:: YOUR INSTRUCTIONS ::
From the first line to the last, restate the material word for word, omitting pictures.

:: MATERIAL PROVIDED ::
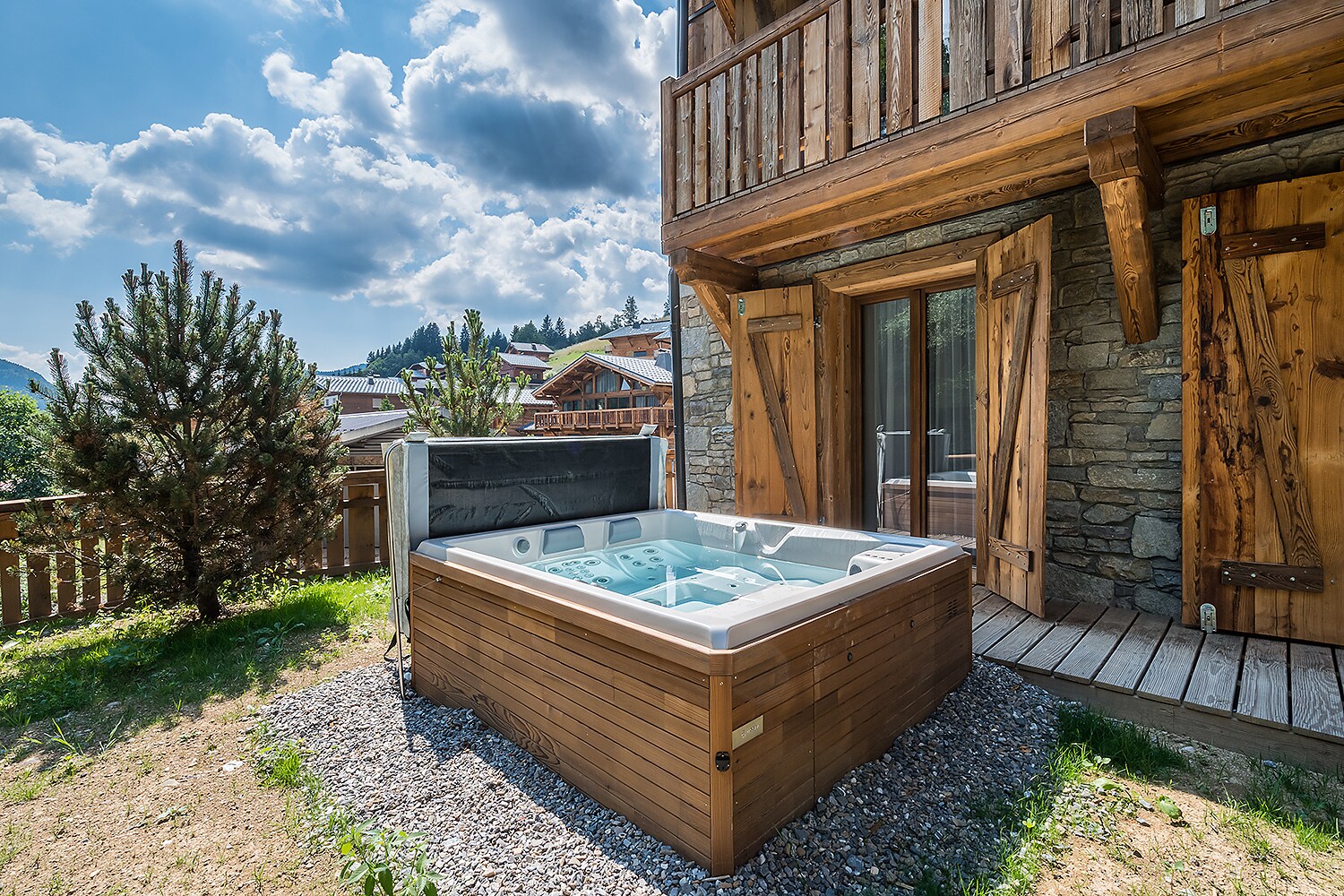 Property Image 1 - Modern chalet with Jacuzzi in Les Gets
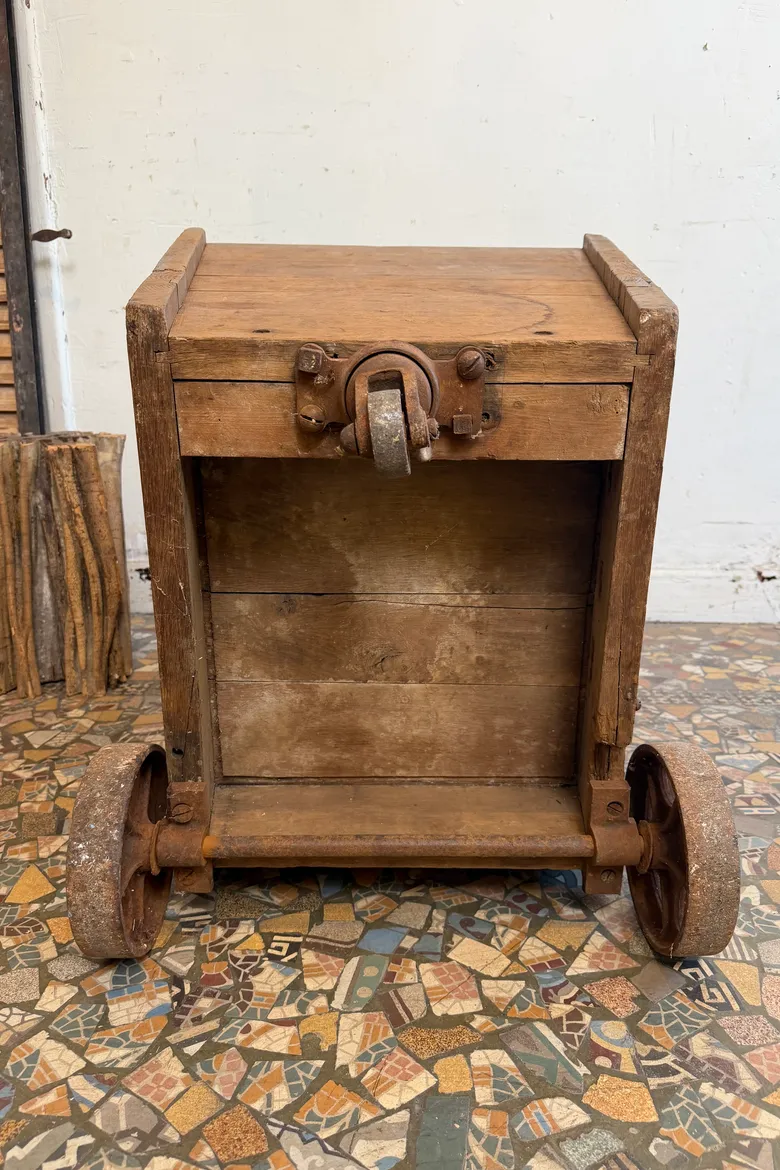 Ancien chariot d’atelier textile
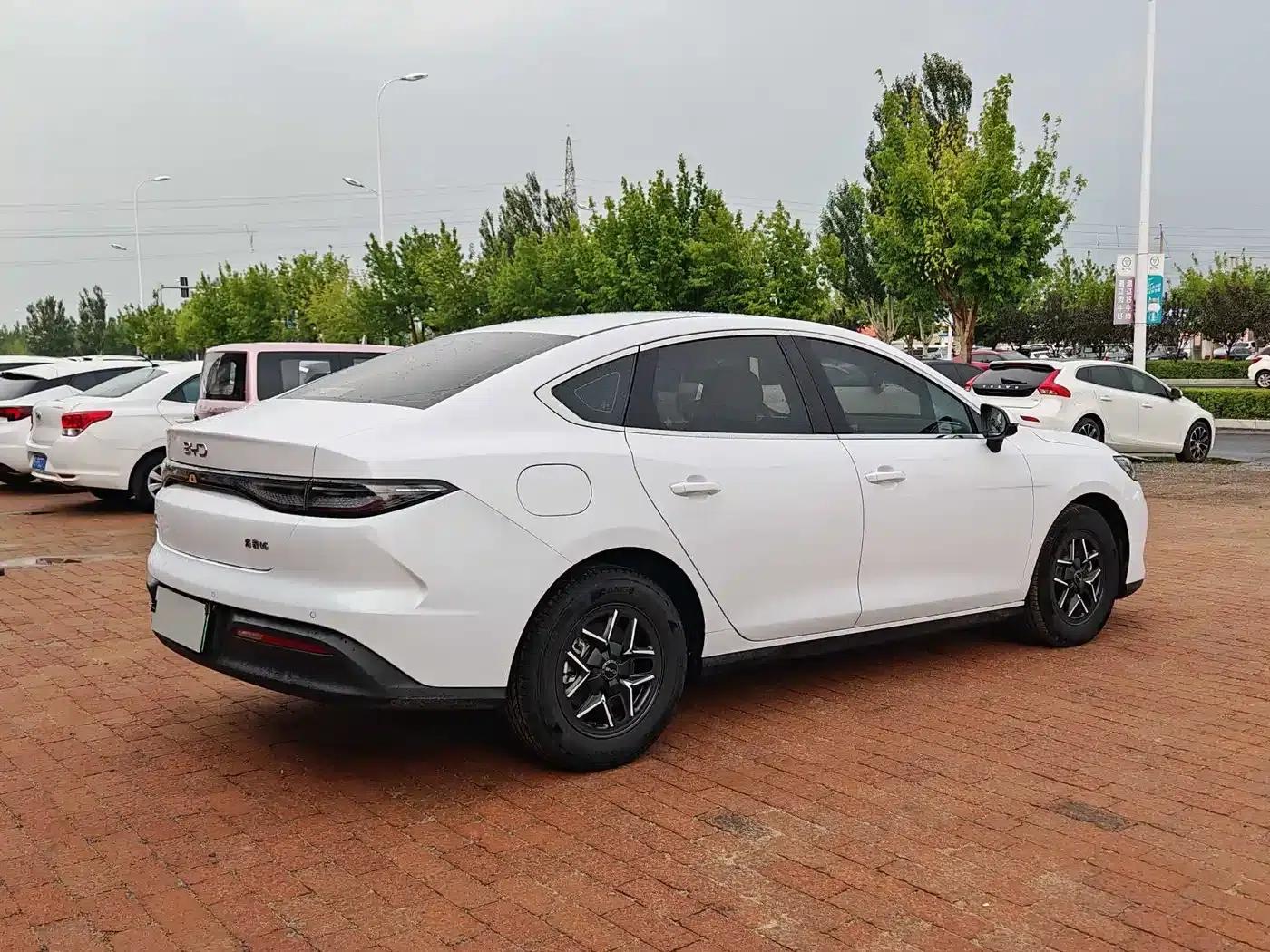 Seal 05 DM-i 2025 DM-i Intelligent Driving Edition 55KM Luxury Model — миниатюра 9
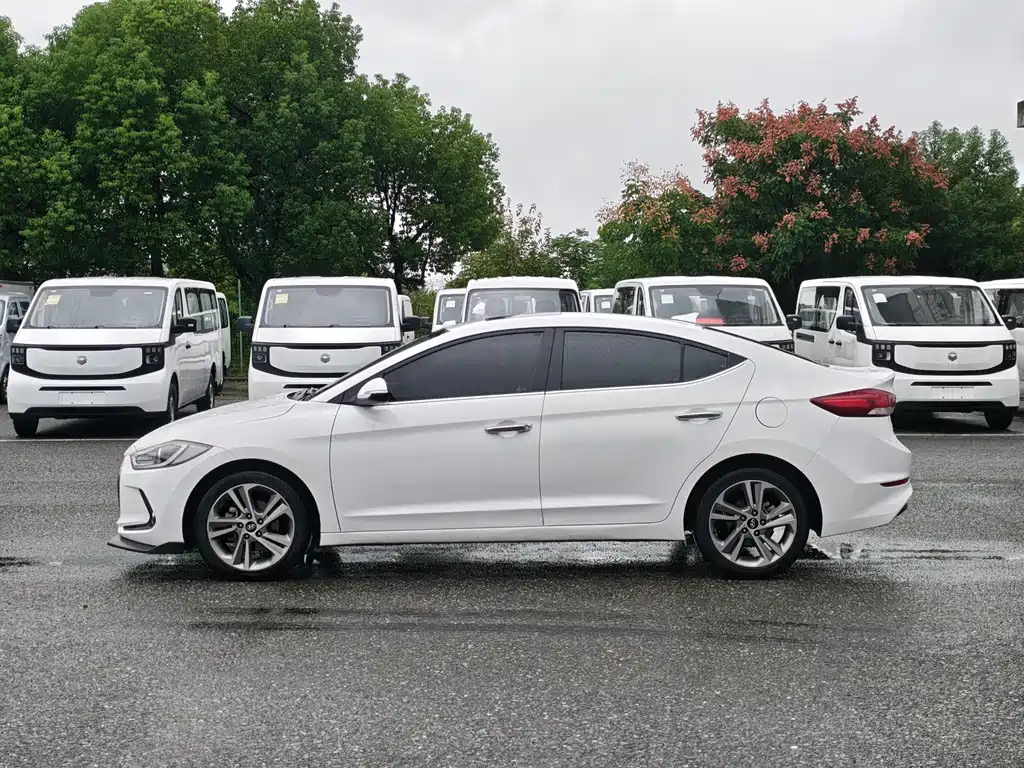 Hyundai Elantra — миниатюра 4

:: ANSWER FOR THIS EXERCISE ::
 Property Image 1 - Modern chalet with Jacuzzi in Les Gets
 Ancien chariot d’atelier textile
 Seal 05 DM-i 2025 DM-i Intelligent Driving Edition 55KM Luxury Model — миниатюра 9
 Hyundai Elantra — миниатюра 4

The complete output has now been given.